Iranian hackers suspected of breaking into defense company Rafael's systems

The hackers, who belong to the Iranian regime-supported "Moses Staff", uploaded to the Darknet examples from Rafael's database and offered up the stolen data for 100 bitcoin

Raphael Kahan and Udi Etsion 19:1801.02.22
Hackers, apparently working on behalf of the Iranian regime, infiltrated the computer systems of the Israeli defense company Rafael, stole information and leaked examples from it to the Darknet, according to information seen by Calcalist on Tuesday.


According to the leaked files, this is allegedly information that includes employee access lists to internal computer systems, most likely from an Active Directory system, along with confidential business presentations, and possibly even air defense system plans sold to the UK. There is no certainty that these records also include passwords for accessing Rafael's systems, although this is certainly possible.

Iron Dome. Photo: Rafael Iron Dome. Photo: Rafael


The video uploaded by the hackers to the site, where they published the information, shows screenshots of a system that could be "Sky Cyber". This is a GBAD system - an acronym for Ground Based Air Defense system. “Sky Cyber'' was acquired by the British Army, with the system combining a control and battle management system made by Rafael, a radar by Sweden's Saab and a British interceptor missile.


This is an export version of the battle management system that is also used by the Iron Dome and was developed by mPrest, now a subsidiary of Rafael that owns 50% of it. The British paid $79 million for the Israeli system, although it should be noted that it is not exactly the same as the system currently installed in IDF Iron Dome batteries. However, if the hackers managed to break into the system software and the algorithms used in it, then they can gather critical information about how data is collected and the decision-making of the Israeli interception system, which could be used to deceive it.

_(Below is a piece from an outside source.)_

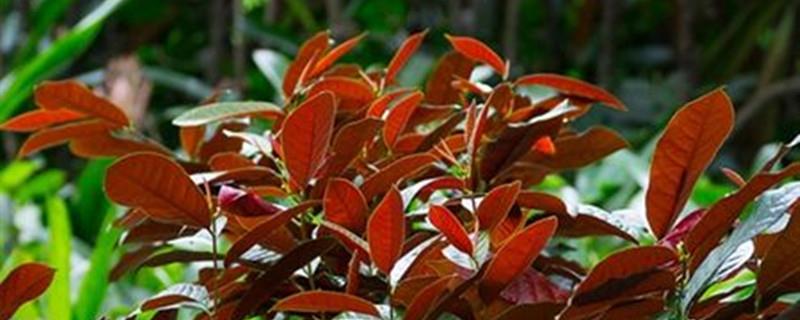 How to raise red-backed osmanthus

Part of an ongoing campaign


The hackers who published the findings are apparently part of the “Moses Staff” cyber group affiliated with the Iranian regime. "The hack into Rafael that was in the headlines recently, is part of an ongoing campaign by the Iranian-backed attack group," said Dor Amit, co-founder and VP of technology at cyber technology company 10Root. "Some of the leaked information is dated 2017 and allegedly indicates a previous attack and despite this new documents were also leaked. It cannot be ruled out that this is perhaps a technical manipulation that allows re-dating or thickening of the new information with old information to intensify the incident."

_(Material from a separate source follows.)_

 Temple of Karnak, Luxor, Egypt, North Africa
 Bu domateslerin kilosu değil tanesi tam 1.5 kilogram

From the materials published so far in the dark web there is no evidence to establish any hold of the attackers in the system or the exposure of users' passwords, but mainly a certain mapping of the information systems and services in the organization. The information stolen is up for sale for about 100 bitcoin or about NIS 12 million (approximately $3.78 million). The database also contains a number of references to data that may have been stolen from the systems of the cyber company F5. The hackers bragged about their exploits in a text published next to the database uploaded to their site and attached a file containing usernames and free passwords to porn sites.